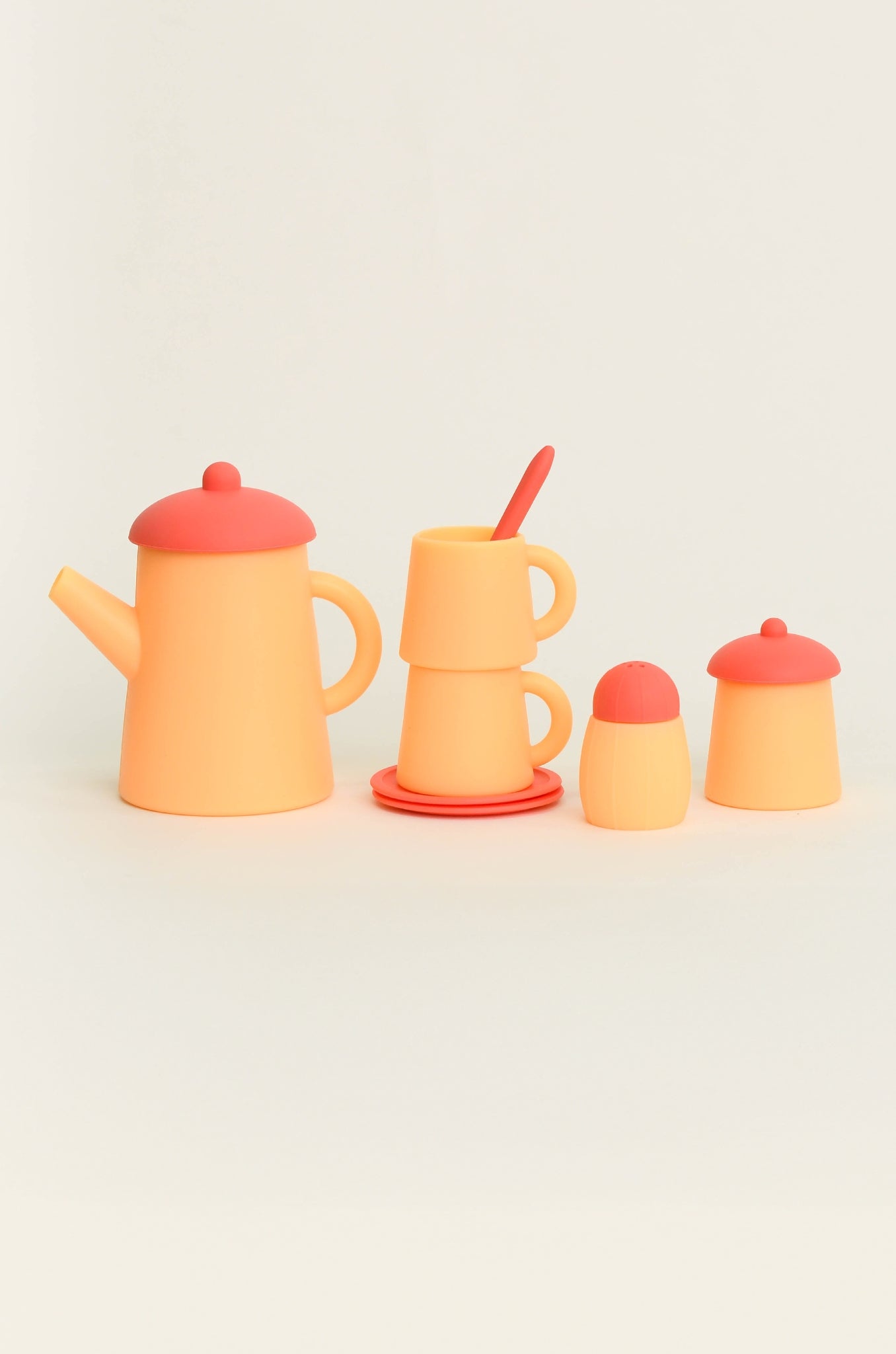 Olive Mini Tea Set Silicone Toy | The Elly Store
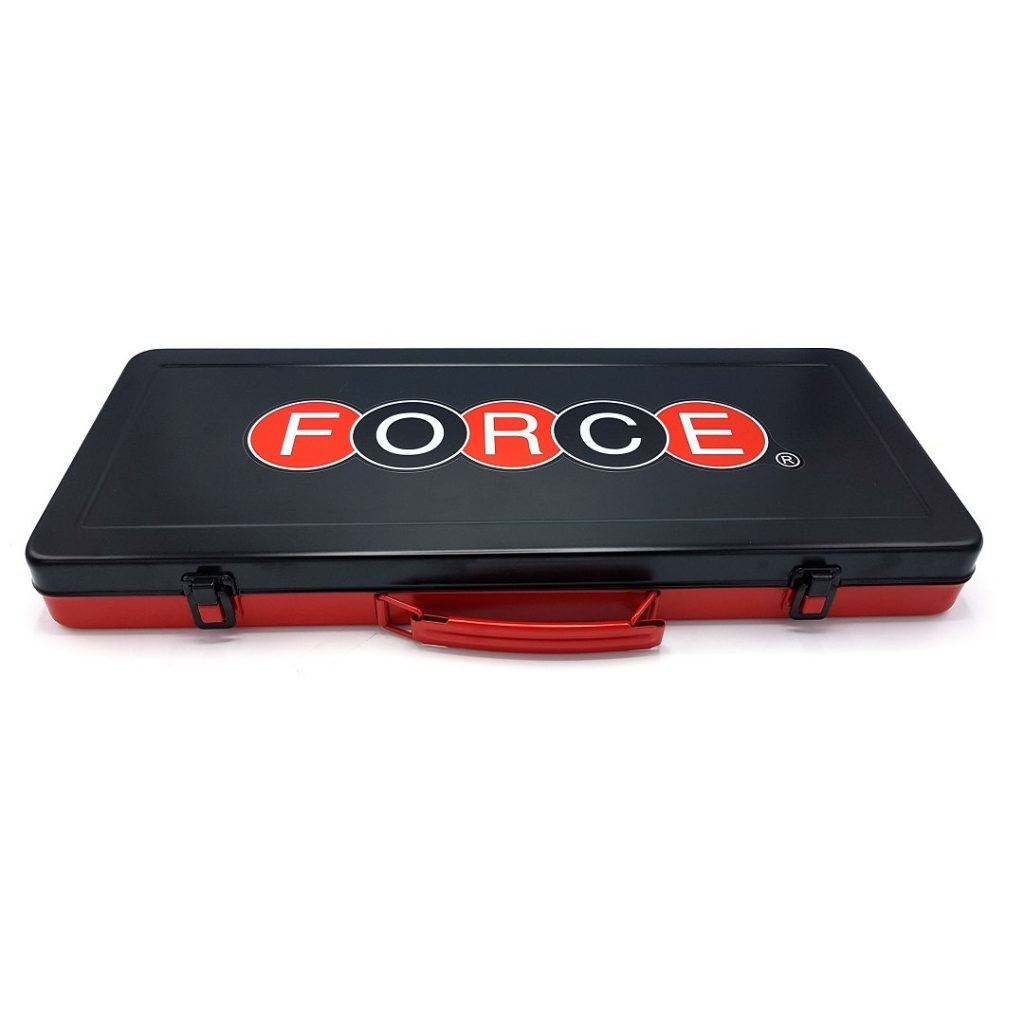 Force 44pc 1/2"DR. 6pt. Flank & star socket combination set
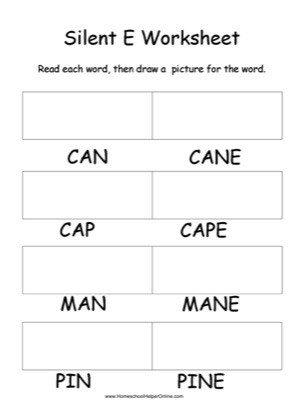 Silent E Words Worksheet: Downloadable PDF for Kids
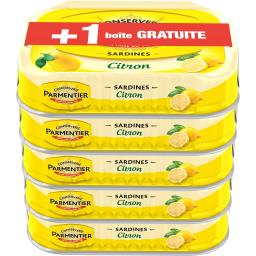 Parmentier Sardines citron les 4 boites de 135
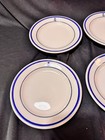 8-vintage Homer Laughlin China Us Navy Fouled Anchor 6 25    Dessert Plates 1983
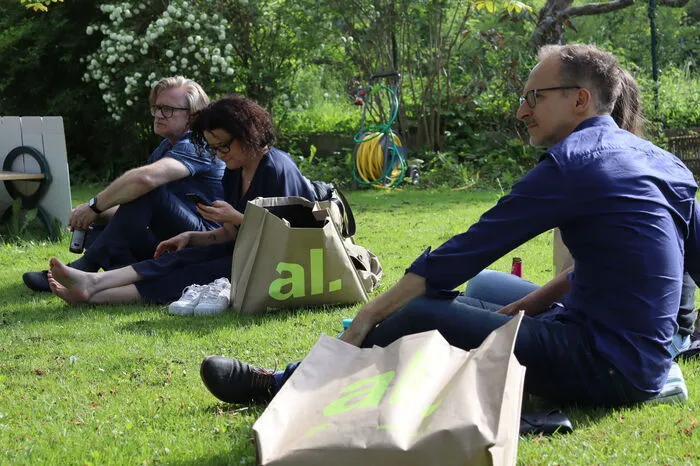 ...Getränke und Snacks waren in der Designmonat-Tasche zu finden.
◆ ◆ ◆ ◆
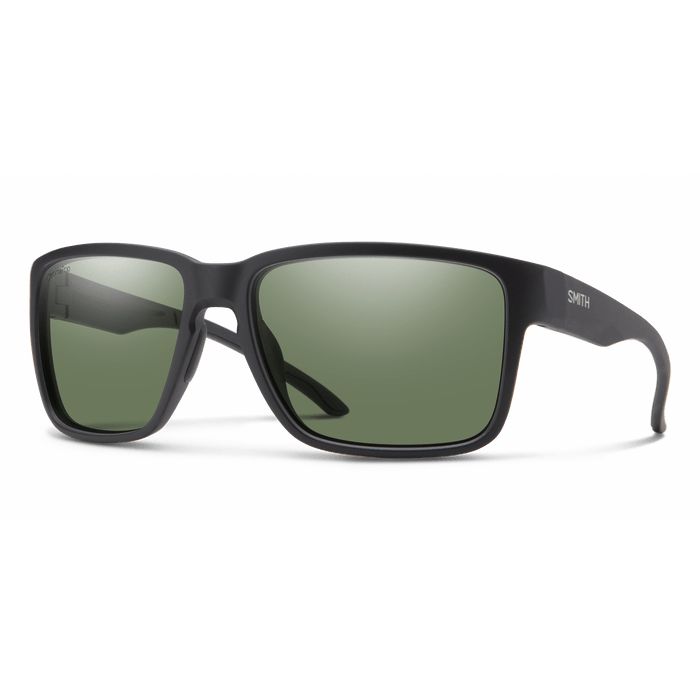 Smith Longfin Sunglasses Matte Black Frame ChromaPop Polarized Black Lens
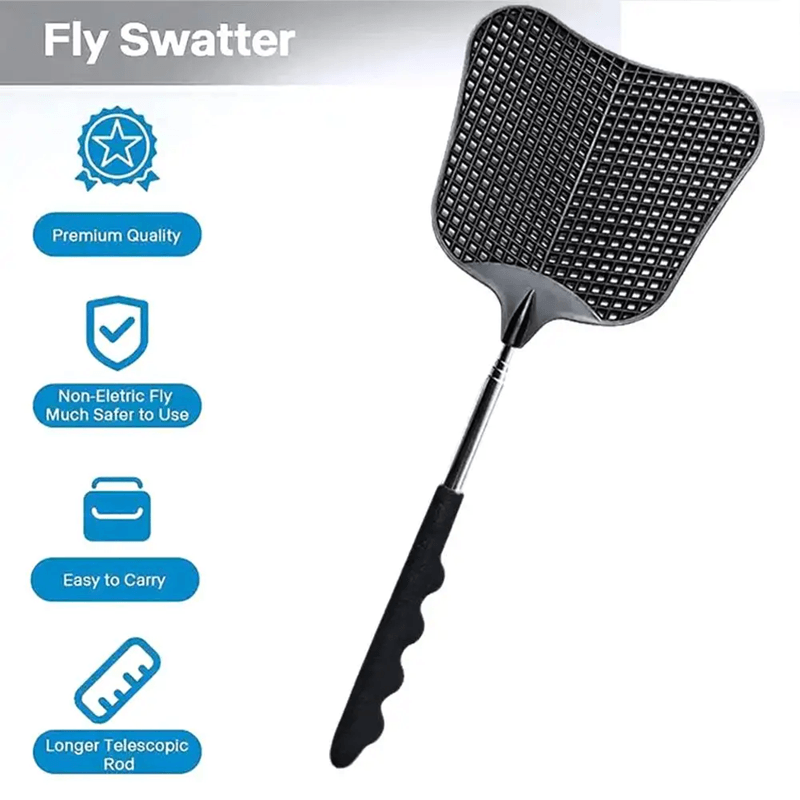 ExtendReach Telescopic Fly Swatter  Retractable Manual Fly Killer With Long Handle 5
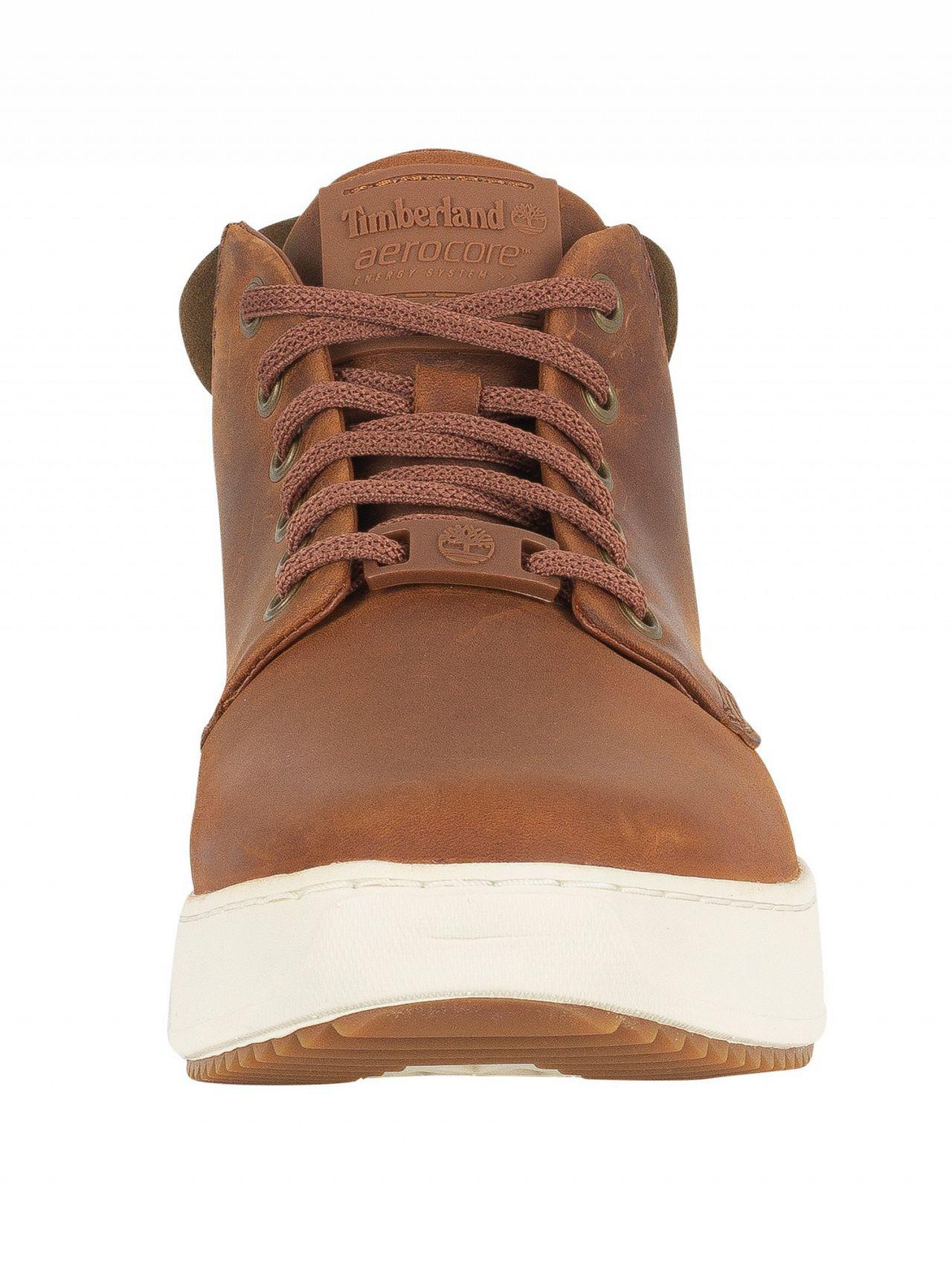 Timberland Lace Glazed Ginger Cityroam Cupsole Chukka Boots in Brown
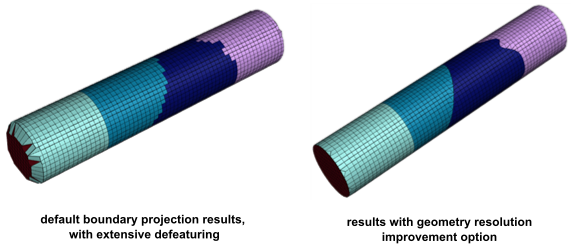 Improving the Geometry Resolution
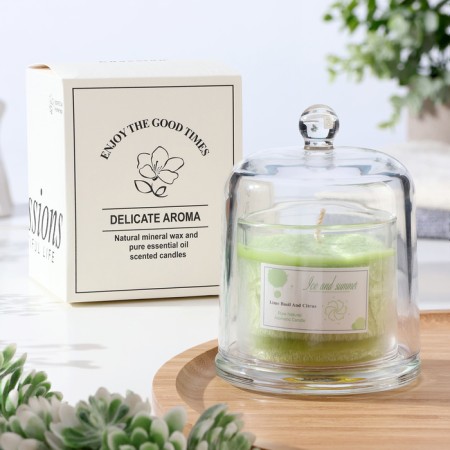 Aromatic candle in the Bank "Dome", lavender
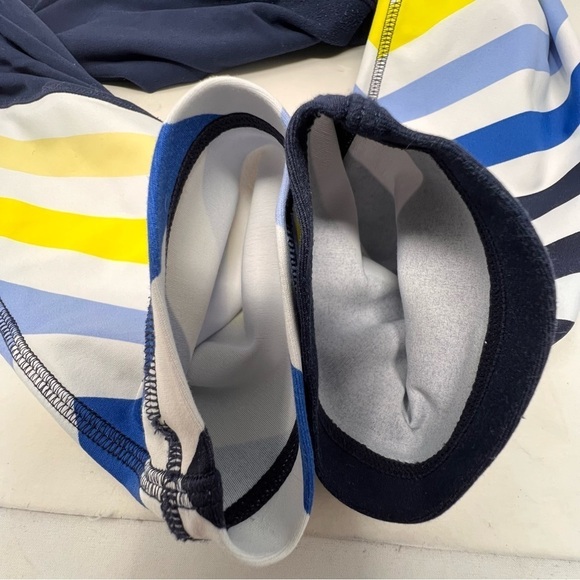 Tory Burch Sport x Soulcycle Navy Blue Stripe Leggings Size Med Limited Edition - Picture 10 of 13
◆ ◆ ◆ ◆
| What needs to be done |
In the entries above, find the line containing "socket combination set" and the line containing "8-vintage Homer Laughlin", then copy both and every line between them exactly, without any picture.

| Answer for this exercise |
 Force 44pc 1/2"DR. 6pt. Flank & star socket combination set
 Silent E Words Worksheet: Downloadable PDF for Kids
 Parmentier Sardines citron les 4 boites de 135
 8-vintage Homer Laughlin China Us Navy Fouled Anchor 6 25    Dessert Plates 1983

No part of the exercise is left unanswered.